The law applies between all masses, not just planets. The gravitational force between you and a friend standing 1 m away is approximately F = 6.674×10⁻¹¹ × 70 × 70 / 1² ≈ 3.3 × 10⁻⁷ N — detectable in principle but dwarfed by the electromagnetic forces between your atoms. Gravity becomes dominant only at planetary scales because it accumulates over enormous masses of matter.

Gravitational Field Strength

The gravitational field strength g at a point is the gravitational force per unit mass experienced there: g = F/m = GM/r². For Earth's surface: g = GM_Earth/R_Earth² = (6.674×10⁻¹¹ × 5.972×10²⁴)/(6.371×10⁶)² = 9.81 N/kg = 9.81 m/s². This is the acceleration all objects experience in free fall near Earth's surface — independent of mass.
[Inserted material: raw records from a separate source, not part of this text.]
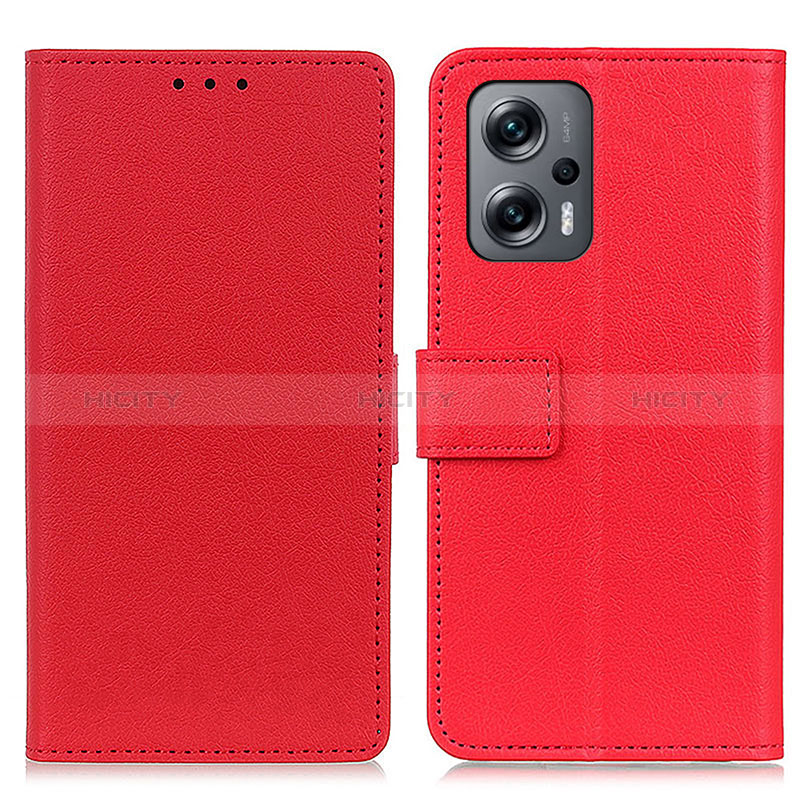 Handytasche Stand Schutzhülle Flip Leder Hülle M08L für Xiaomi Redmi Note 11T Pro+ Plus 5G Rot Plus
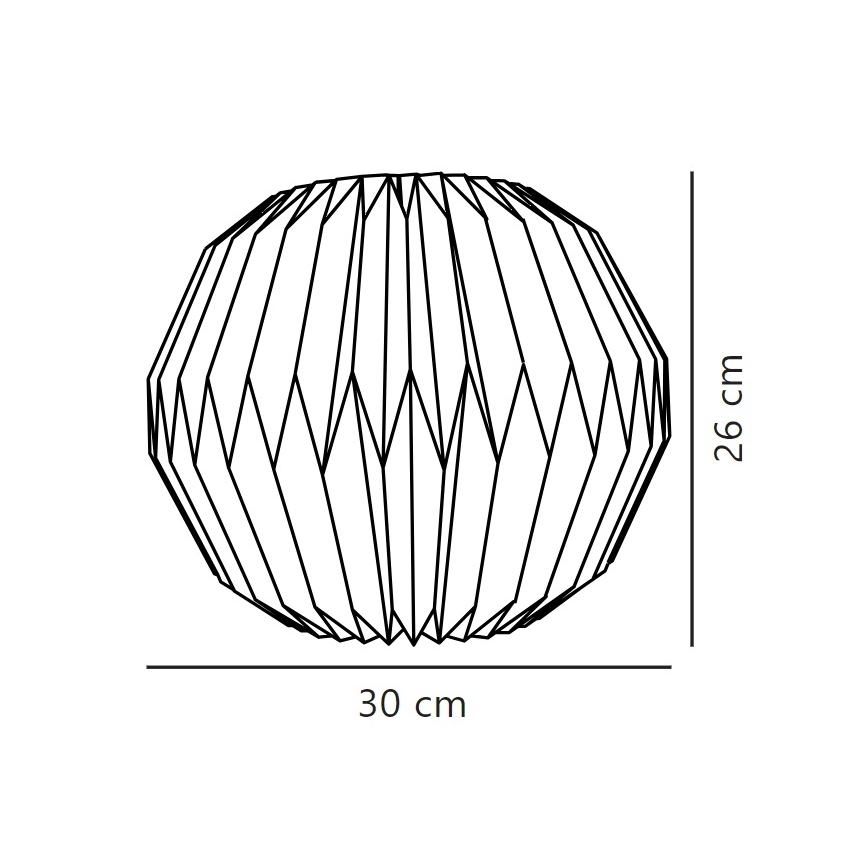 Nordlux - Pantalla para araña BELLOY E27 diá. 30 cm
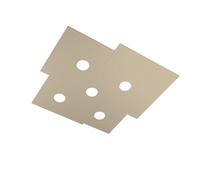 Plafoniera Moderna Plate Metallo Sabbia 5 Luci Gx53 [EEK: A++]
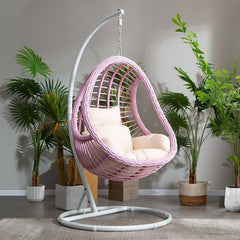 Waterproof Tropical Porch Swing with Stand Alloy with Pads & Chain & Stand Porch Swings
Field strength decreases with altitude: at 400 km (ISS altitude), g = 9.81 × (6371/6771)² = 8.67 m/s² — about 11% less than at the surface. At the Moon's distance (384,400 km), Earth's gravitational field has fallen to about 0.0027 m/s² — still enough to maintain the Moon in orbit.

The gravitational field is a vector field — at every point in space, it has both magnitude (the field strength) and direction (toward the source mass). For a planet, the field lines point radially inward toward the centre. For multiple masses, the total field at any point is the vector sum of contributions from each mass. This superposition principle is what the Gravity Lab game demonstrates when you add multiple masses.

Orbital Motion and Circular Orbits

For a satellite in a circular orbit of radius r, gravity provides the centripetal force: GMm/r² = mv²/r → v = √(GM/r). This is the orbital velocity. Faster and the orbit rises; slower and it falls. For a given orbit radius, there is exactly one correct orbital speed — too fast and the satellite spirals outward, too slow and it falls inward.

The period T = 2πr/v = 2π√(r³/GM) — Kepler's Third Law. Squaring: T² = (4π²/GM)r³. This means T² ∝ r³: doubling the orbital radius increases the period by 2^(3/2) = 2.83×. The Moon's period (27.3 days) and orbital radius (384,400 km) and Earth's mass can be used to verify this relationship precisely.

Geostationary orbit — at radius ~42,164 km where the orbital period equals exactly 24 hours — keeps satellites stationary above a fixed point on Earth. This is where communication satellites, weather satellites, and GPS infrastructure live. The specific radius comes from solving T = 24 hours in T = 2π√(r³/GM_Earth).

Gravitational Potential Energy

Near Earth's surface, GPE = mgh (choosing ground as zero). At larger distances, the formula GPE = −GMm/r applies, with zero at infinity. The negative sign means objects are bound to the planet — they have less energy than at infinity. The minimum energy needed to escape is zero total energy: ½mv_esc² − GMm/R = 0 → v_esc = √(2GM/R) = 11.2 km/s for Earth.

Conservation of energy in orbits: total mechanical energy E = ½mv² − GMm/r. For a circular orbit: E = −GMm/(2r) — exactly half the potential energy. Lower orbits have more negative total energy — they are more tightly bound. This is why lowering a satellite's orbit requires removing energy (firing retro-rockets), while raising it requires adding energy — a counterintuitive but fundamental result of orbital mechanics.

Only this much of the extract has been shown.